**The problem**
Any pictures should be dropped; everything else in the records is to be returned exactly.

*** Opening Data records ***

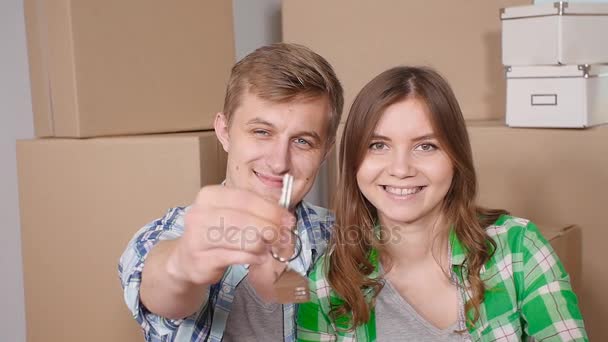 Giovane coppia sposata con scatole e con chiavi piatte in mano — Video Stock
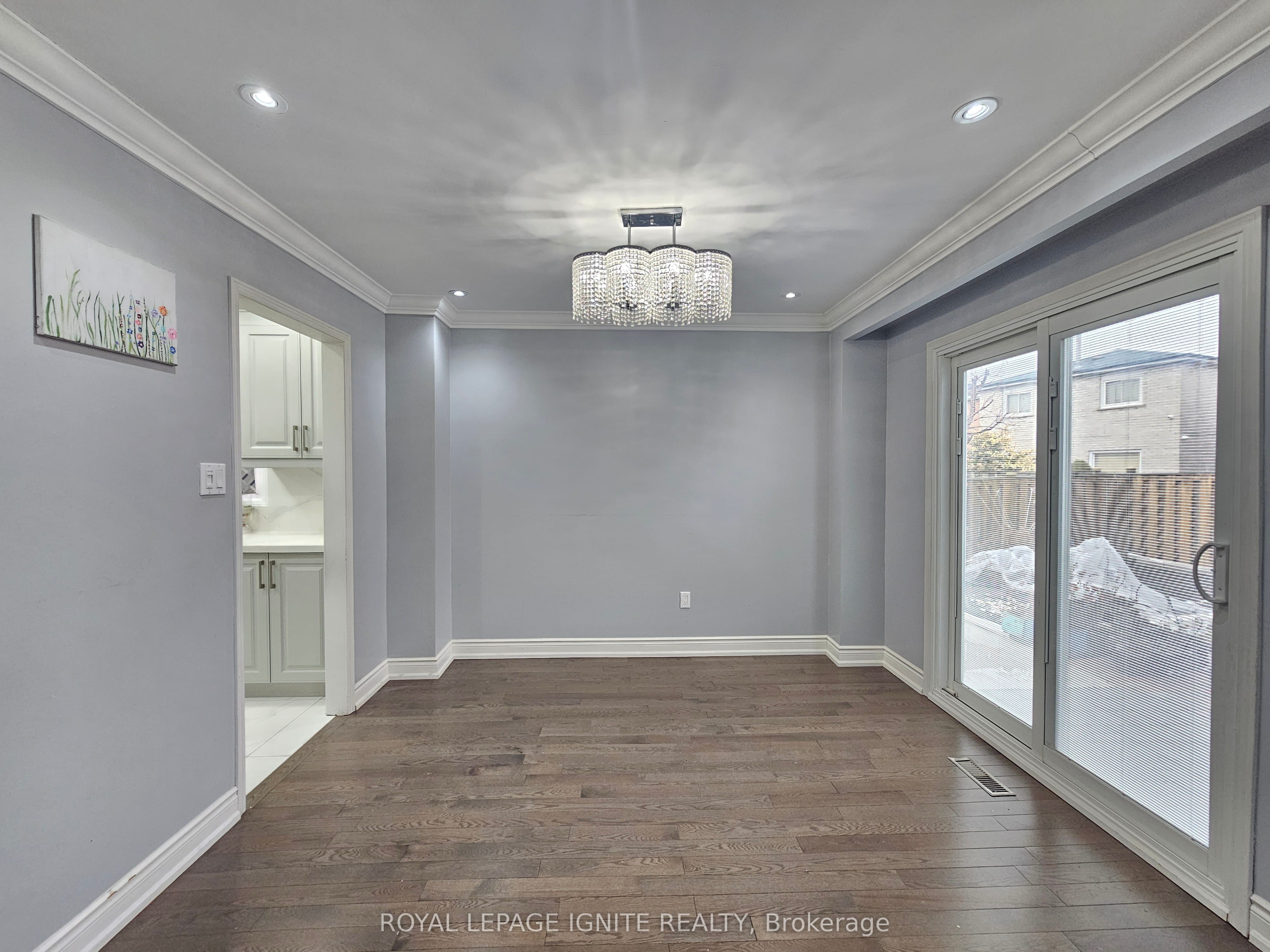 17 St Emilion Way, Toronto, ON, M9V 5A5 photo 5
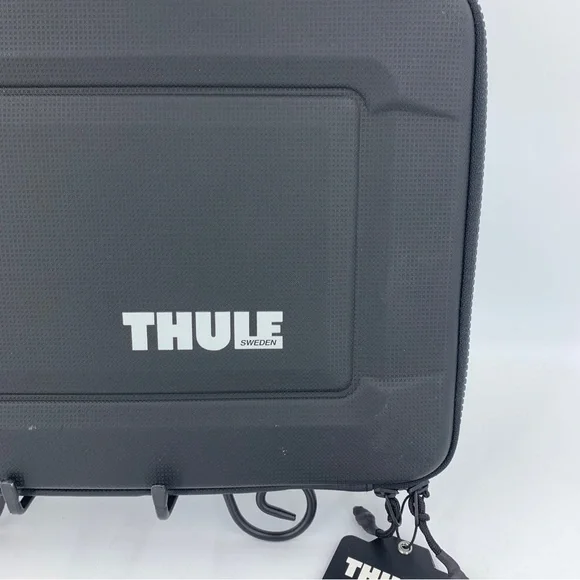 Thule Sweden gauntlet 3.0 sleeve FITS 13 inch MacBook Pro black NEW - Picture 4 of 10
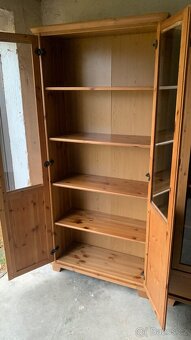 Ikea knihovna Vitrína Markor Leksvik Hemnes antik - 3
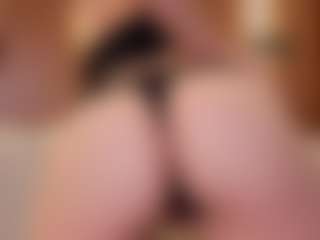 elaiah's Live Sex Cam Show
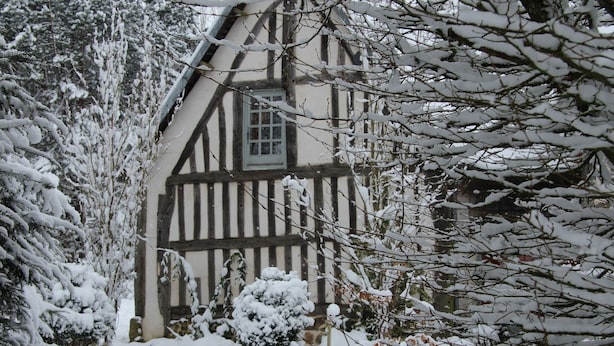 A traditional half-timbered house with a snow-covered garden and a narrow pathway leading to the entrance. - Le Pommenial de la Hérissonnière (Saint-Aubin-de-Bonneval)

*** Closing Data records ***

**Answer to the exercise**
 Giovane coppia sposata con scatole e con chiavi piatte in mano — Video Stock
 17 St Emilion Way, Toronto, ON, M9V 5A5 photo 5
 Thule Sweden gauntlet 3.0 sleeve FITS 13 inch MacBook Pro black NEW - Picture 4 of 10
 Ikea knihovna Vitrína Markor Leksvik Hemnes antik - 3
 elaiah's Live Sex Cam Show
 A traditional half-timbered house with a snow-covered garden and a narrow pathway leading to the entrance. - Le Pommenial de la Hérissonnière (Saint-Aubin-de-Bonneval)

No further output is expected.